You will run into problems if you need to transfer these files between machines that do not all share the same endianness and word size, or if you add/remove slots from the structs in future versions and need to retain binary compatibility.
I'm not sure how operator>>() is implemented in Poco::Base64Decoder. If it is same as istream's operator>>(), then after decoder >> decodedString; decodedString may not contain all characters from the input. For example, if there is any whitespace character in encoded string then decoder >> decodedString; will read upto that whitespace.
Doing a memcpy of classes/structs is okay if they're just Plain Old Data (POD), but if that's the case, then you could rely on C++ doing the copying for you via copy constructors (which exist for both struct and class types in C++).
Certainly you can do it the way you have been doing it - one of the products I've worked on serializes data using memcpy, sends the data over the wire, and client applications decode the bytestream to get the data back.
But if you have a choice, you might want something higher level like boost.serialization, which offers more flexibility and deep-pointer copying. The aforementioned Google ProtoBuffers would work nicely too.
Here are some threads discussing serialization methods in C++:
boost serialization vs google protocol buffers?
C++ Serialization Performance
I wouldn't go as far as to say that it's evil, but I think it is asking for trouble and weird problems in many cases.
I know it has been done and it can work (I've seen people serialize structs like that to send over a network connection), but it has a number of drawbacks that have been pointed out already (inflexibility, endianness problems, structs containing pointers, packing, etc).
I'd recommend a more robust way of serializing and deserializing your data. I've heard lots of good things about Google protocol buffers, something like that will be a lot more flexible and will probably save you headaches in the end.
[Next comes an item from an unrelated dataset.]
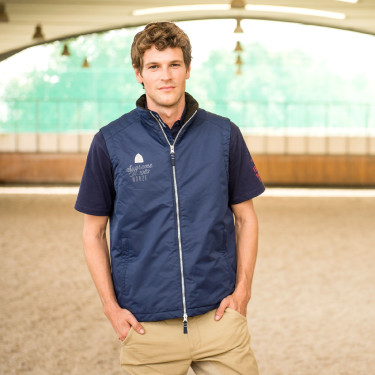 Clubjas Lino Horze Supreme Donkerblauw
Serializing data in the manner you've done it is not particularly evil, if you know you're staying on a machine with the same byte size, word size, endian-ness, etc. Since you're serializing the window placement information, you probably don't care about portability between two different machines, and only want to save this information between sessions on the same machine. I'd hazard a guess that you're storing this into the Registry. If you want portability for other data that is actually useful when it's ported to other architectures, then you can look at many of the other suggestions posted here already, such as Google protocol buffers, etc. Whitespace is a red-herring, as all WS is irrelevant in a base64 encoded data stream and all decoders should ignore it (PoCo does).I am curious to know what are the sizes of the string and the structure when it fails.Knowing this might give you some insight into the problem.